En el reino animal, la regla por la que se regula la coexistencia de los integrantes de una misma estirpe se llama “la ley del más fuerte”. La natural búsqueda del más apto es el camino por el cual se asegura la supervivencia de la especie.
Los animales que viven en comunidad compiten continuamente entre sí y aquellos que son derrotados pagan su fracaso con sus privilegios, sus jerarquías e incluso con sus vidas.
Los que fueron vencidos no comparten en igualdad de condiciones el territorio en común con sus congéneres victoriosos; se subordinan, se someten, se subyugan.
Hasta la revolución francesa (al menos en sus inicios) y la independencia norteamericana, este modelo animal, en mayor o en menor medida, era el que imperaba entre los hombres. Luego de ella hubo un cambio severo en las reglas de juego de la organización social. El aprovechamiento de la naturaleza dejó de ser el privilegio del más fuerte para transformarse en una posibilidad al alcance de casi todos. Sin entrar en grandes disquisiciones, en la actualidad, su utilización depende más del esfuerzo y del mérito que de la potencia bruta.
Esto de compartir un espacio en común, que no le pertenece a nadie pero que todos tienen derecho a utilizar, nos obliga a dictar una serie de reglas que nos permitan vivir en paz y armonía.
Las normas de convivencia del ser humano se pueden sintetizar en una sola máxima que parece obvia, pero que rara vez se cumple; el respeto del individuo.
El respeto del individuo es el respeto a las decisiones del otro y como si fuese un espejo, ese mismo respeto es el que debo exigir se me otorgue. Aunque parezca paradójico mientras más defiendo el derecho del otro más estoy defendiendo mi propio derecho.
Creo que todo precepto que se considere justo debe seguir este principio, debe analizar el aspecto puntual sobre el que fue redactado siguiendo este norte. Si así se redacta, su aplicación será simple y no causará oposición de quienes son decentes.
Pero lamentablemente esta regla tan sencilla y efectiva es burlada por gran parte de nuestra sociedad. Con una visión miope, de corto plazo y de satisfacción instantánea, buscamos obtener alguna ventaja sobre el resto de la sociedad y para colmo nos vanagloriamos cuando lo conseguimos. Esta postura ventajista es nuestra tristemente célebre “viveza criolla”.
Somos incapaces de planificar a largo plazo, vivimos en la inmediatez y queremos réditos instantáneos, queremos cosechar sin plantar. Y en esa voracidad casi compulsiva arrasamos con lo que tenemos por delante sin miramiento alguno.

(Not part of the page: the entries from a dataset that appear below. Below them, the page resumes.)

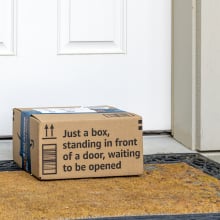 Amazon package sitting on doormat in front of door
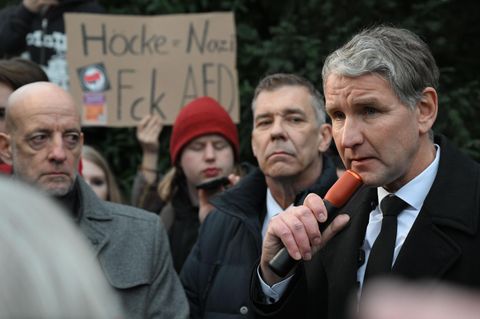 Björn Höcke steht am Freitagnachmittag in Aschaffenburg und spricht vor einem Schild mit der Aufschrift Höcke=Nazi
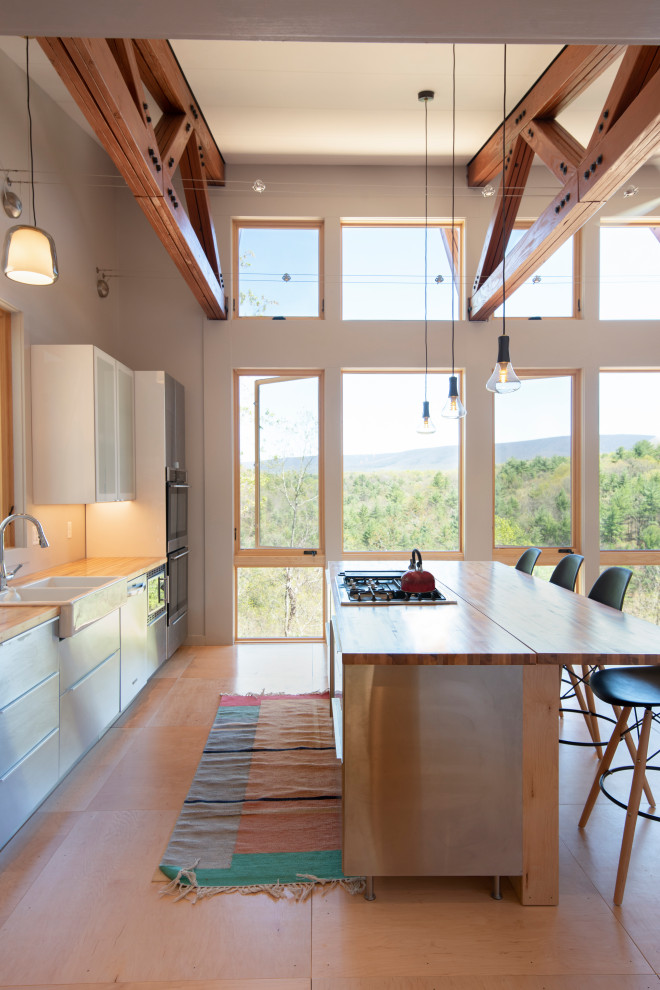 Modern inredning av ett kök och matrum, med en rustik diskho, skåp i rostfritt stål, träbänkskiva, rostfria vitvaror, plywoodgolv och en köksö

Lo terrible del asunto es que se ha transformado en un hecho cultural, distintivo de nuestro país; somos reconocidos por ello en todo el mundo. No solo es una cuestión folklórica, sino que es casi un deporte nacional. El “colarse” en una fila, entrar a un espectáculo sin pagar, engañar a un ingenuo, defraudar al fisco, copiar en un examen o encontrar un vericueto legal para “zafar” de una obligación, nos eleva, en la consideración popular, a la condición de héroe, de compadrito, de capo, de “maestro”.